Spring Boot
Request Body
@RequestBody binds the HTTP request body to a method parameter, deserializing it from JSON (or XML) into a Java object using Spring's HttpMessageConverters. It is the standard mechanism for receiving structured data in POST, PUT, and PATCH requests — and works in tandem with Bean Validation to reject malformed or invalid payloads before they reach service code.
@RequestBody Basics
@RequestBody instructs Spring to read the entire HTTP request body and deserialize it into the declared parameter type. Jackson's ObjectMapper handles JSON deserialization by default — no extra configuration is needed when spring-boot-starter-web is on the classpath.

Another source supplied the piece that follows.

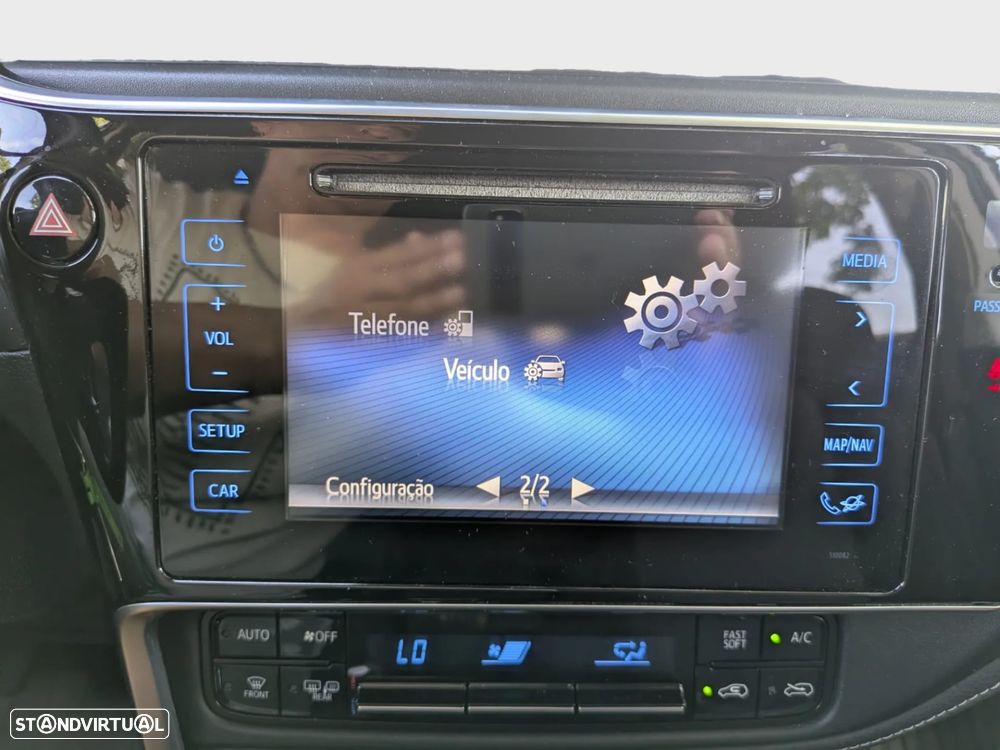 Toyota Auris 1.4 D-4D Comfort+Pack Techno - 14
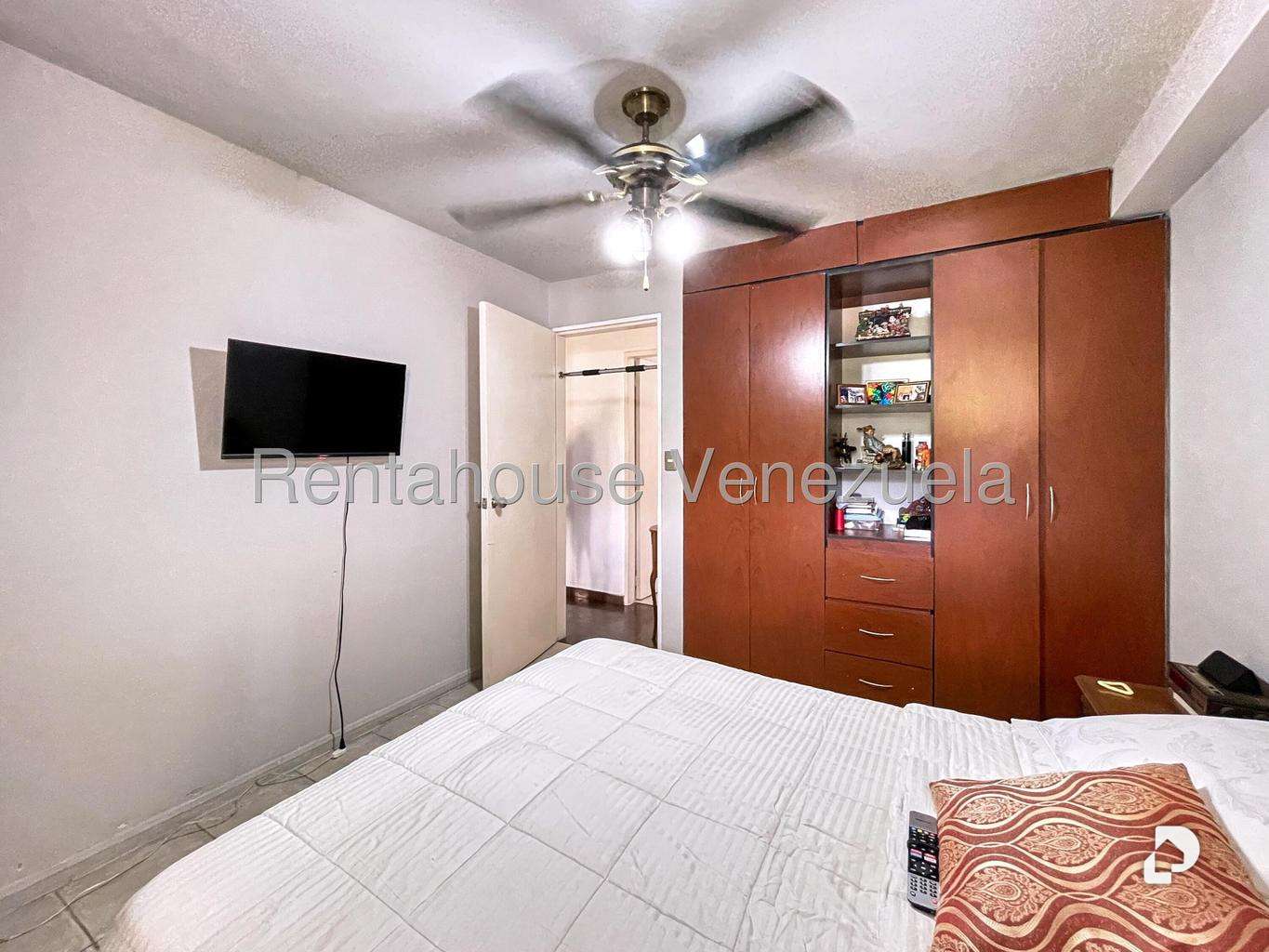 Apartamento en Santa Fe Norte, Caracas – 24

The Content-Type header must match a supported media type, and the body must be valid JSON (or the configured format) or Spring returns 400.
Java
@RestController
@RequestMapping("/users")
public class UserController {
// ── Basic @RequestBody — deserializes JSON body into the DTO ───────
@PostMapping
public ResponseEntity<UserResponse> create(
@RequestBody CreateUserRequest request) {
// POST /users
// Content-Type: application/json
// Body: { "name": "Alice", "email": "alice@example.com" }
//
// Spring reads the body → Jackson maps JSON → CreateUserRequest instance
UserResponse created = userService.create(request);
return ResponseEntity.status(HttpStatus.CREATED).body(created);
}
// ── PUT — full replacement ─────────────────────────────────────────
@PutMapping("/{id}")
public UserResponse update(
@PathVariable Long id,
@RequestBody UpdateUserRequest request) {
return userService.update(id, request);
}
// ── PATCH — partial update ─────────────────────────────────────────
@PatchMapping("/{id}")
public UserResponse patch(
@PathVariable Long id,
@RequestBody PatchUserRequest request) {
return userService.patch(id, request);
}
// ── Deserialize into a Map — when structure is dynamic ────────────
@PostMapping("/dynamic")
public ResponseEntity<Void> handleDynamic(
@RequestBody Map<String, Object> payload) {
String name = (String) payload.get("name");
dynamicService.process(payload);
return ResponseEntity.accepted().build();
}
// ── Deserialize into a List ────────────────────────────────────────
@PostMapping("/batch")
public List<UserResponse> createBatch(
@RequestBody List<CreateUserRequest> requests) {
return userService.createBatch(requests);
}
}Validation with @Valid and @Validated
Add @Valid (JSR-380) or @Validated (Spring) alongside @RequestBody to trigger Bean Validation on the deserialized object. Validation runs after deserialization — a structurally invalid JSON body fails at deserialization (400), while a structurally valid but semantically invalid body fails at validation (also 400, but with field-level detail).
Java
// ── DTO with validation constraints ──────────────────────────────────
public record CreateUserRequest(
@NotBlank(message = "Name is required")
@Size(min = 2, max = 100, message = "Name must be 2-100 characters")
String name,
@NotBlank(message = "Email is required")
@Email(message = "Must be a valid email address")
String email,
@NotNull(message = "Role is required")
User.Role role,
@Valid // cascade into nested object
@NotNull
AddressRequest address
) { }
public record AddressRequest(
@NotBlank String street,
@NotBlank String city,
@NotBlank @Size(min = 2, max = 2) String countryCode
) { }
// ── Controller — @Valid triggers validation after deserialization ──────
@RestController
@RequestMapping("/users")
public class UserController {
@PostMapping
public ResponseEntity<UserResponse> create(
@RequestBody @Valid CreateUserRequest request) {
// If validation fails → MethodArgumentNotValidException
// → handled by @RestControllerAdvice → 400
return ResponseEntity.status(201).body(userService.create(request));
}
}
// ── Global handler for validation failures ────────────────────────────
@RestControllerAdvice
public class GlobalExceptionHandler {
@ExceptionHandler(MethodArgumentNotValidException.class)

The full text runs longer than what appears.